Les rencontres dédiées à l’industrie ont débuté ce mardi à Libreville, avec la participation du vice-président du gouvernement, Hermann Immongault. Organisées jusqu’au 26 juin à la Chambre de commerce, ces assises rassemblent les responsables gabonais, les acteurs économiques et les partenaires venus d’Europe autour des défis de l’industrialisation et de la transformation locale.
Au centre des discussions figure la contribution des firmes européennes à la stratégie de souveraineté productive voulue par les autorités.
L’ambassadeur de France au Gabon, Fabrice Mauriès, a souligné le retour d’une trentaine de compagnies européennes, notamment dans le domaine de l’énergie, et a insisté sur la nécessité de renforcer l’attractivité du pays face à la concurrence mondiale.
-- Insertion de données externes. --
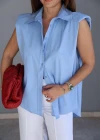 MAVİ Vatkalı Kolsuz Gömlek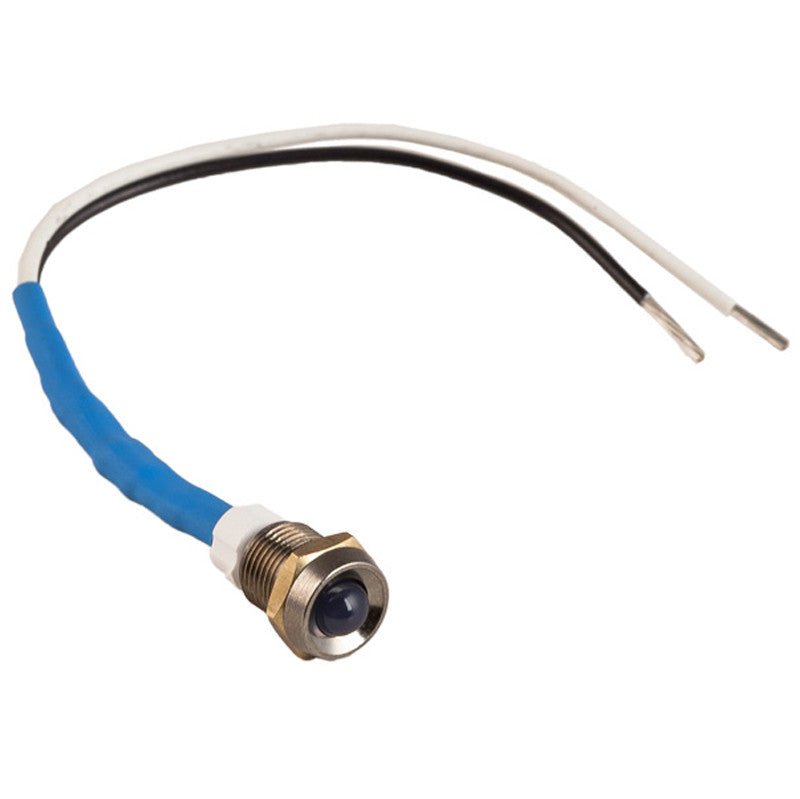K4 Blue 12V LED Indicator Light W/Chrome Bezel .328" Mounting Hole 17 - 106 - Moore Parts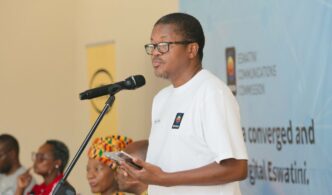 ESCCOM Chief Executive Mvilawemphi Dlamini addressing guests at a recent event. Photo by ESCCOM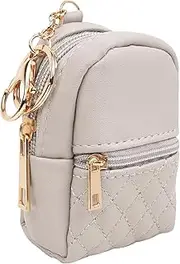 [Generic] Mini Backpack Keychain, Cute Makeup Bag for Lipstick, Small Change Pouch Coin Purse with Zipper, Travel Zipper Keychain Pouch for Card Holder Data Cable (Gray, One Size)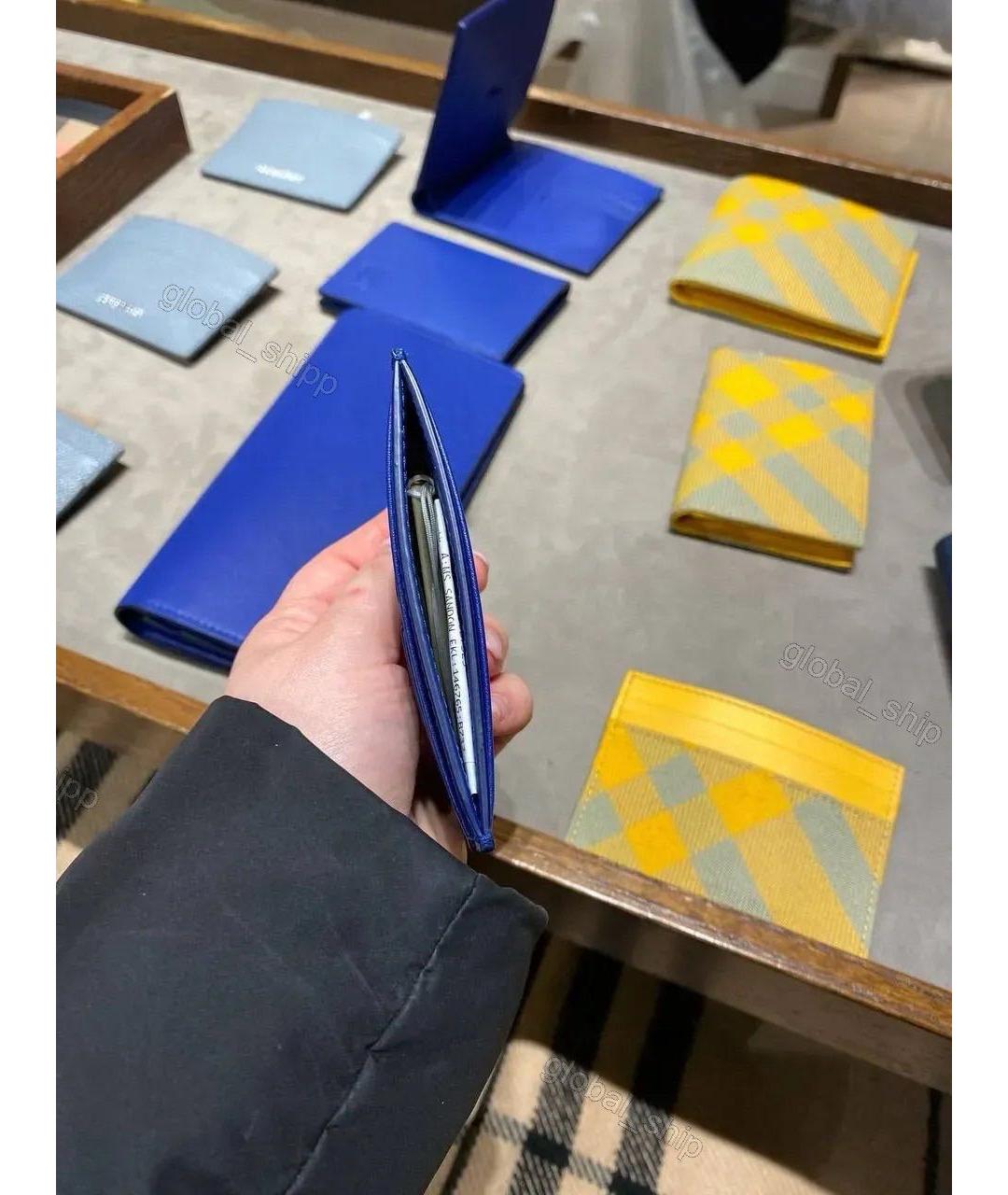 BURBERRY Синий кожаный кардхолдер, фото 7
Le ministre de l’Industrie et de la Transformation locale, Me Lubin Ntoutoume, a réaffirmé l’objectif de faire du Gabon un territoire créateur de richesses, d’emplois qualifiés et de compétences, via la valorisation de ses ressources naturelles.
Pour Hermann Immongault, cette ambition s’incarne dans le Plan national de croissance et de développement (PNCD). « Cette vision trouve aujourd’hui sa traduction opérationnelle dans le PNCD 2026-2030, qui fait de l’industrialisation, de la transformation locale et de la diversification économique les principaux moteurs de croissance pour les années à venir : 27 000 milliards de francs CFA d’investissement, dont 18 000 milliards provenant de l’industrie », a-t-il déclaré.